Iced Out by C. K. Smouha and illustrated by Isabella Bunnell is the sort of children’s book whose message I fully support, though I find the overall execution of it somewhat lacking. A story about being yourself and accepting others for who they are rather than judging them for their looks or things out of their control, Iced Out seeks to promote acceptance. Unfortunately, it does more to suggest that becoming friends with someone popular will make others accept you than anything else.
In general, the story was okay. It wasn’t too clever or anything, but it had a clear goal that wasn’t terrible. Still, I found a number of things odd and problematic. The story follows Wilfred and Neville, a walrus and a narwhal who are forced together by the mere circumstance of being disliked by the rest of their classmates. To make matters worse, the two actually don’t even like each other. And resultingly, they’re pretty miserable. But that all changes when Betty the beluga whale joins their class and the two of them quickly become quite obsessed, or smitten as the book says, with her.
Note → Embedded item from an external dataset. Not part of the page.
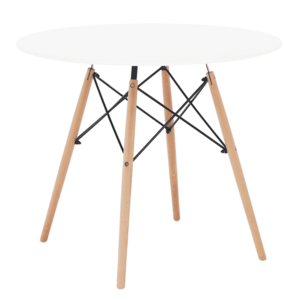 Jedálenský stôl, biela/buk, priemer 90 cm, GAMIN NEW 90 vyobraziť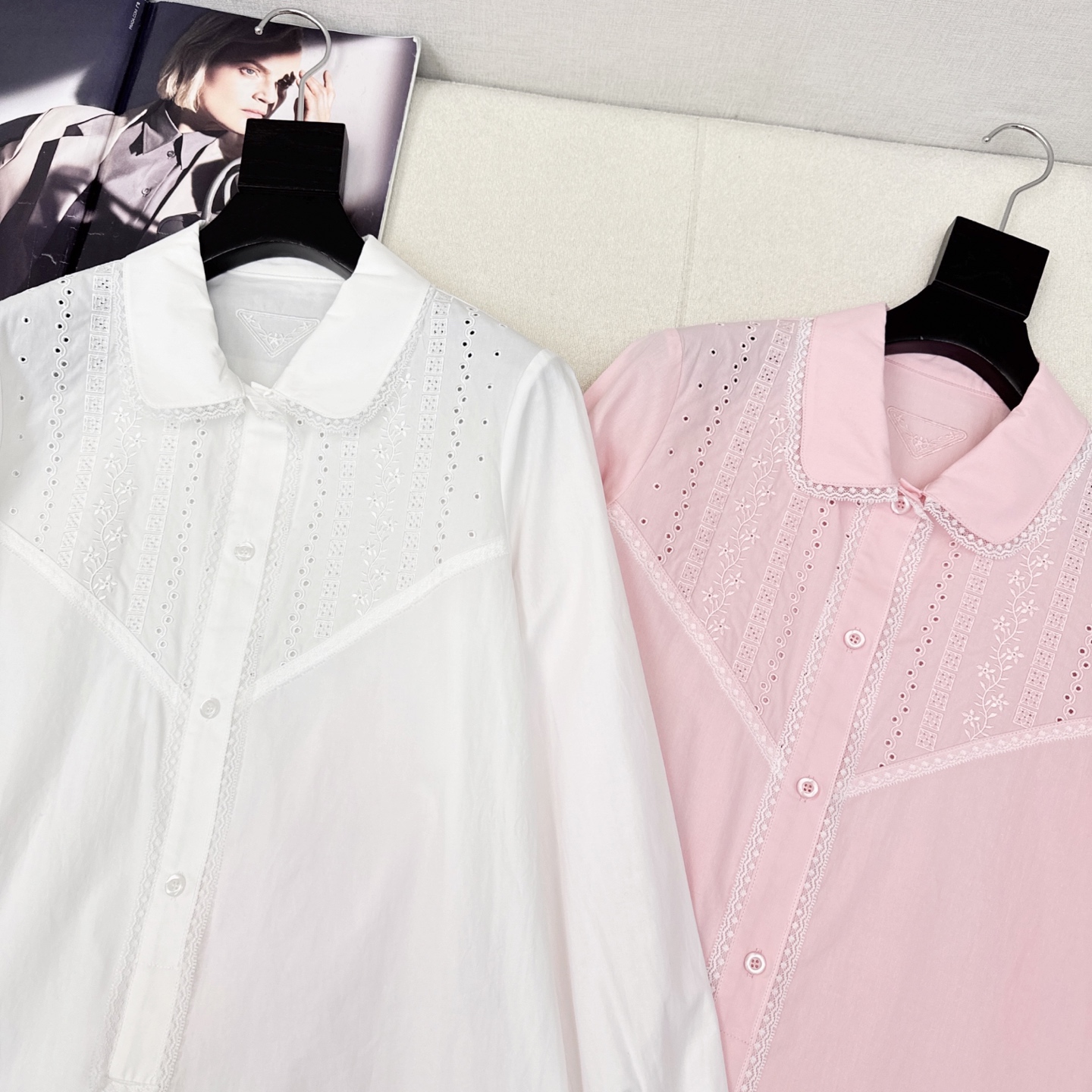 特价🉐️❗️现货齐码❗️不退不换❗️PD 25Ss————春夏最新款原单品质南法风情蕾丝花边长袖衬衫式连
Thus the two begin doing whatever they can to impress her. Neville even practices a soccer move to get her to like him. Ironically, he was cited as being disliked because he was bad at soccer and his “tooth” would often pop all the balls. And then for some reason, they both want Betty to choose between them and pick one to be her boyfriend. So. instead of working to improve skills for himself, he’s merely trying to impress someone who isn’t going to be impressed.
The resolution of the issues, moving into the acceptance of everyone, comes too quickly and too unrealistically. Thus, the achievements Wilfred and Neville find themselves getting as they begin to join their classmates in various activities feels rather contrived in the end. I felt odd about a lot of the things that happened and none of it ever really did a decent job of supporting the message that the book was clearly trying to send.
While the artwork was cute, overall I couldn’t really bring myself to be all that impressed with this book overall. It just didn’t work the way it seemed it was meant to.
I was provided a free copy of this book via NetGalley in exchange for an honest review.